▶ **Exercise requirements**: Repeat the lines of the data exactly and exclude any picture among them.

▶ **Recorded data**:
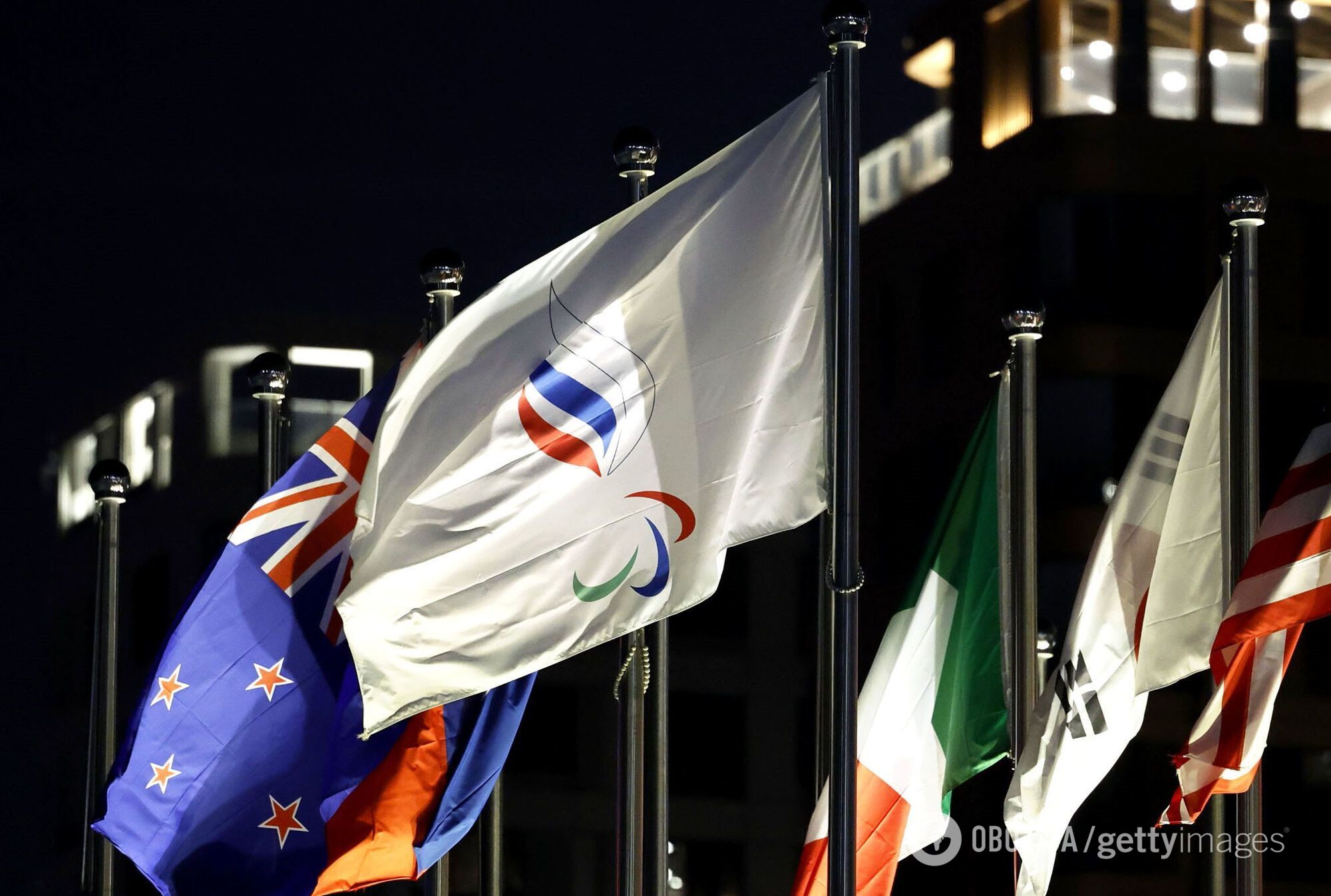 Допустили з прапором і гімном. МПК ухвалив офіційне нове рішення щодо Росії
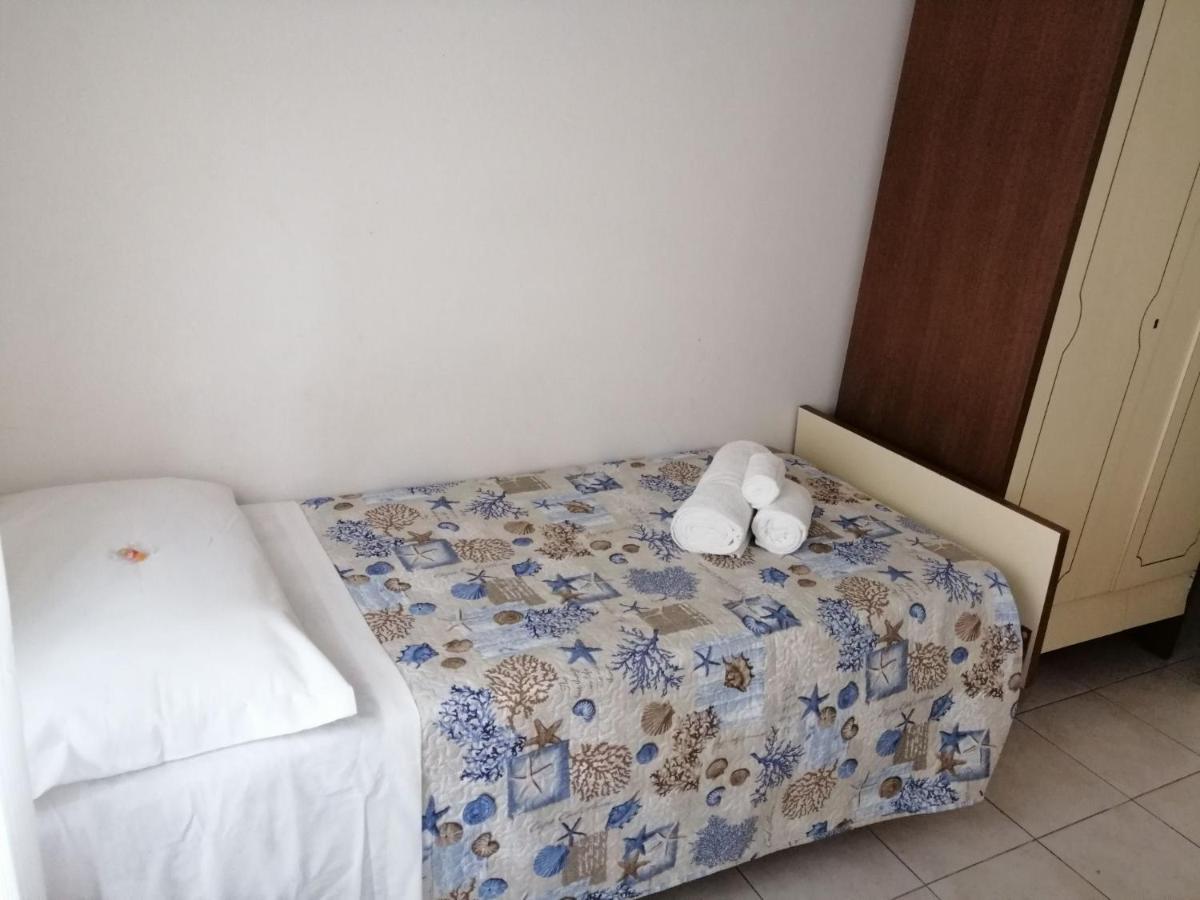 Hotel Alba Римини Экстерьер фото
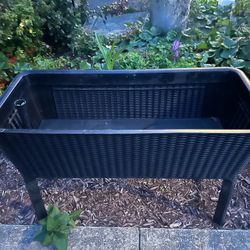 EL Raised Garden Bed used in good condition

▶ **Result of the exercise**:
 Допустили з прапором і гімном. МПК ухвалив офіційне нове рішення щодо Росії
 Hotel Alba Римини Экстерьер фото
 EL Raised Garden Bed used in good condition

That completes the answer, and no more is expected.